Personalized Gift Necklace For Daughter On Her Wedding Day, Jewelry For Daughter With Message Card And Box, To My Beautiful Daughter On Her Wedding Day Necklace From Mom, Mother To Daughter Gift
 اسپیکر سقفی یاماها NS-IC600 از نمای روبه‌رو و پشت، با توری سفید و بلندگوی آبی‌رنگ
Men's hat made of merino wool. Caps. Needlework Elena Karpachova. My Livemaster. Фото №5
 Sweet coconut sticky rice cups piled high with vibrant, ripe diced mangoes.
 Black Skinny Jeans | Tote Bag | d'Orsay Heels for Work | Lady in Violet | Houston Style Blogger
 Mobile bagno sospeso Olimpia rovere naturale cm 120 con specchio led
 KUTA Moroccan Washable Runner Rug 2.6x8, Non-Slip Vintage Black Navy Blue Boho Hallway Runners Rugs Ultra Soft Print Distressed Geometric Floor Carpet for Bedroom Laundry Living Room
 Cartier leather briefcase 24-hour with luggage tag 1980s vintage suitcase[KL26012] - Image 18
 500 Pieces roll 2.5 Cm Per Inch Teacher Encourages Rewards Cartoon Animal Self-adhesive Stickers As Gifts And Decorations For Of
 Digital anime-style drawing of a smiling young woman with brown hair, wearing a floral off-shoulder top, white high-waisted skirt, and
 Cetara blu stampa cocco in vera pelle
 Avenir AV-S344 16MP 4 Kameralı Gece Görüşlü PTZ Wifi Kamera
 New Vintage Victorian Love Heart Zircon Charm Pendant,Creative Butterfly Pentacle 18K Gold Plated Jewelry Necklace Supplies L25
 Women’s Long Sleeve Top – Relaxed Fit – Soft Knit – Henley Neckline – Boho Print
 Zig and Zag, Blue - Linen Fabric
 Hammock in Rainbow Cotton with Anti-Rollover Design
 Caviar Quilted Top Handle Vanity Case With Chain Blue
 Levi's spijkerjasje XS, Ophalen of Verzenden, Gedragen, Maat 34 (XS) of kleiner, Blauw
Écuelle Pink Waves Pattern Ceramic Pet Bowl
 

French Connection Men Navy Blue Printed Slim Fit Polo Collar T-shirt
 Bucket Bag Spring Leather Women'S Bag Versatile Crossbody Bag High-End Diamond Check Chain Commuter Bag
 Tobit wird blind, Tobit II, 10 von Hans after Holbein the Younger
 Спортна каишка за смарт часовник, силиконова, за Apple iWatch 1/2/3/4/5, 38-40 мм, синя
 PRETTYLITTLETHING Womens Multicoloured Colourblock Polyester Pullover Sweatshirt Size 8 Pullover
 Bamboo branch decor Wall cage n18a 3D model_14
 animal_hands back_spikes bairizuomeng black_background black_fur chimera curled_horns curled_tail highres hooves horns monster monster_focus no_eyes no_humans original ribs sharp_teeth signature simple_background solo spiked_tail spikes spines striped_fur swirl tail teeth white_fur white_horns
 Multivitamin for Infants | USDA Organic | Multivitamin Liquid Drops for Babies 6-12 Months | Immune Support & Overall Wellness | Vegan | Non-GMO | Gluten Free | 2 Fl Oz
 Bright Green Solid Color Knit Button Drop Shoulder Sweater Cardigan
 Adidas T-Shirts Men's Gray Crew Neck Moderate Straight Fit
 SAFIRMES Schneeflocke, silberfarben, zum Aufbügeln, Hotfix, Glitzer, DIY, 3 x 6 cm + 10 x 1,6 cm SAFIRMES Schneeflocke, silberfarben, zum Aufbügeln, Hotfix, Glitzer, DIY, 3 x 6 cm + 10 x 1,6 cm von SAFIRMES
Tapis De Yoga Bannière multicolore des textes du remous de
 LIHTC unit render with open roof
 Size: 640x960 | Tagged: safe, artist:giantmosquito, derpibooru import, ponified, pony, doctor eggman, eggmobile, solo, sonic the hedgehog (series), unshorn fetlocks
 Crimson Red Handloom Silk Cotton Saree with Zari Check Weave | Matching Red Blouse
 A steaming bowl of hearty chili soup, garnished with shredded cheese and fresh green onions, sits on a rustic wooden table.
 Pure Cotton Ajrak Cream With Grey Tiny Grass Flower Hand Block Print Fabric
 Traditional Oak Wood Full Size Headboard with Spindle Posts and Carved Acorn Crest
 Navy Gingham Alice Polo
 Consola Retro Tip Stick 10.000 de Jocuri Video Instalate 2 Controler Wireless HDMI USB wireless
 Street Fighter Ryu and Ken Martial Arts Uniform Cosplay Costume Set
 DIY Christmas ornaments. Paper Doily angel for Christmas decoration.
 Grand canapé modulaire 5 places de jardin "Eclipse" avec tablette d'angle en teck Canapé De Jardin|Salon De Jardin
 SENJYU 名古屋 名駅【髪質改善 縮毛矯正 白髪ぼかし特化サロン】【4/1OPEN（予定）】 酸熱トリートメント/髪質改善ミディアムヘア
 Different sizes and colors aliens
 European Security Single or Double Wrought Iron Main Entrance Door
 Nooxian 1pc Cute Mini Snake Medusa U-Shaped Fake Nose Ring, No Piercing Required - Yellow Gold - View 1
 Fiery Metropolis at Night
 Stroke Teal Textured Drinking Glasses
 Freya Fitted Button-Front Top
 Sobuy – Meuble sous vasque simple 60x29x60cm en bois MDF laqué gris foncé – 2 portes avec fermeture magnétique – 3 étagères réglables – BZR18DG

AIM OF THE EXERCISE
Copy the material above back out, exactly as written.

ANSWER SECTION
Personalized Gift Necklace For Daughter On Her Wedding Day, Jewelry For Daughter With Message Card And Box, To My Beautiful Daughter On Her Wedding Day Necklace From Mom, Mother To Daughter Gift
 اسپیکر سقفی یاماها NS-IC600 از نمای روبه‌رو و پشت، با توری سفید و بلندگوی آبی‌رنگ
Men's hat made of merino wool. Caps. Needlework Elena Karpachova. My Livemaster. Фото №5
 Sweet coconut sticky rice cups piled high with vibrant, ripe diced mangoes.
 Black Skinny Jeans | Tote Bag | d'Orsay Heels for Work | Lady in Violet | Houston Style Blogger
 Mobile bagno sospeso Olimpia rovere naturale cm 120 con specchio led
 KUTA Moroccan Washable Runner Rug 2.6x8, Non-Slip Vintage Black Navy Blue Boho Hallway Runners Rugs Ultra Soft Print Distressed Geometric Floor Carpet for Bedroom Laundry Living Room
 Cartier leather briefcase 24-hour with luggage tag 1980s vintage suitcase[KL26012] - Image 18
 500 Pieces roll 2.5 Cm Per Inch Teacher Encourages Rewards Cartoon Animal Self-adhesive Stickers As Gifts And Decorations For Of
 Digital anime-style drawing of a smiling young woman with brown hair, wearing a floral off-shoulder top, white high-waisted skirt, and
 Cetara blu stampa cocco in vera pelle
 Avenir AV-S344 16MP 4 Kameralı Gece Görüşlü PTZ Wifi Kamera
 New Vintage Victorian Love Heart Zircon Charm Pendant,Creative Butterfly Pentacle 18K Gold Plated Jewelry Necklace Supplies L25
 Women’s Long Sleeve Top – Relaxed Fit – Soft Knit – Henley Neckline – Boho Print
 Zig and Zag, Blue - Linen Fabric
 Hammock in Rainbow Cotton with Anti-Rollover Design
 Caviar Quilted Top Handle Vanity Case With Chain Blue
 Levi's spijkerjasje XS, Ophalen of Verzenden, Gedragen, Maat 34 (XS) of kleiner, Blauw
Écuelle Pink Waves Pattern Ceramic Pet Bowl
 

French Connection Men Navy Blue Printed Slim Fit Polo Collar T-shirt
 Bucket Bag Spring Leather Women'S Bag Versatile Crossbody Bag High-End Diamond Check Chain Commuter Bag
 Tobit wird blind, Tobit II, 10 von Hans after Holbein the Younger
 Спортна каишка за смарт часовник, силиконова, за Apple iWatch 1/2/3/4/5, 38-40 мм, синя
 PRETTYLITTLETHING Womens Multicoloured Colourblock Polyester Pullover Sweatshirt Size 8 Pullover
 Bamboo branch decor Wall cage n18a 3D model_14
 animal_hands back_spikes bairizuomeng black_background black_fur chimera curled_horns curled_tail highres hooves horns monster monster_focus no_eyes no_humans original ribs sharp_teeth signature simple_background solo spiked_tail spikes spines striped_fur swirl tail teeth white_fur white_horns
 Multivitamin for Infants | USDA Organic | Multivitamin Liquid Drops for Babies 6-12 Months | Immune Support & Overall Wellness | Vegan | Non-GMO | Gluten Free | 2 Fl Oz
 Bright Green Solid Color Knit Button Drop Shoulder Sweater Cardigan
 Adidas T-Shirts Men's Gray Crew Neck Moderate Straight Fit
 SAFIRMES Schneeflocke, silberfarben, zum Aufbügeln, Hotfix, Glitzer, DIY, 3 x 6 cm + 10 x 1,6 cm SAFIRMES Schneeflocke, silberfarben, zum Aufbügeln, Hotfix, Glitzer, DIY, 3 x 6 cm + 10 x 1,6 cm von SAFIRMES
Tapis De Yoga Bannière multicolore des textes du remous de
 LIHTC unit render with open roof
 Size: 640x960 | Tagged: safe, artist:giantmosquito, derpibooru import, ponified, pony, doctor eggman, eggmobile, solo, sonic the hedgehog (series), unshorn fetlocks
 Crimson Red Handloom Silk Cotton Saree with Zari Check Weave | Matching Red Blouse
 A steaming bowl of hearty chili soup, garnished with shredded cheese and fresh green onions, sits on a rustic wooden table.
 Pure Cotton Ajrak Cream With Grey Tiny Grass Flower Hand Block Print Fabric
 Traditional Oak Wood Full Size Headboard with Spindle Posts and Carved Acorn Crest
 Navy Gingham Alice Polo
 Consola Retro Tip Stick 10.000 de Jocuri Video Instalate 2 Controler Wireless HDMI USB wireless
 Street Fighter Ryu and Ken Martial Arts Uniform Cosplay Costume Set
 DIY Christmas ornaments. Paper Doily angel for Christmas decoration.
 Grand canapé modulaire 5 places de jardin "Eclipse" avec tablette d'angle en teck Canapé De Jardin|Salon De Jardin
 SENJYU 名古屋 名駅【髪質改善 縮毛矯正 白髪ぼかし特化サロン】【4/1OPEN（予定）】 酸熱トリートメント/髪質改善ミディアムヘア
 Different sizes and colors aliens
 European Security Single or Double Wrought Iron Main Entrance Door
 Nooxian 1pc Cute Mini Snake Medusa U-Shaped Fake Nose Ring, No Piercing Required - Yellow Gold - View 1
 Fiery Metropolis at Night
 Stroke Teal Textured Drinking Glasses
 Freya Fitted Button-Front Top
 Sobuy – Meuble sous vasque simple 60x29x60cm en bois MDF laqué gris foncé – 2 portes avec fermeture magnétique – 3 étagères réglables – BZR18DG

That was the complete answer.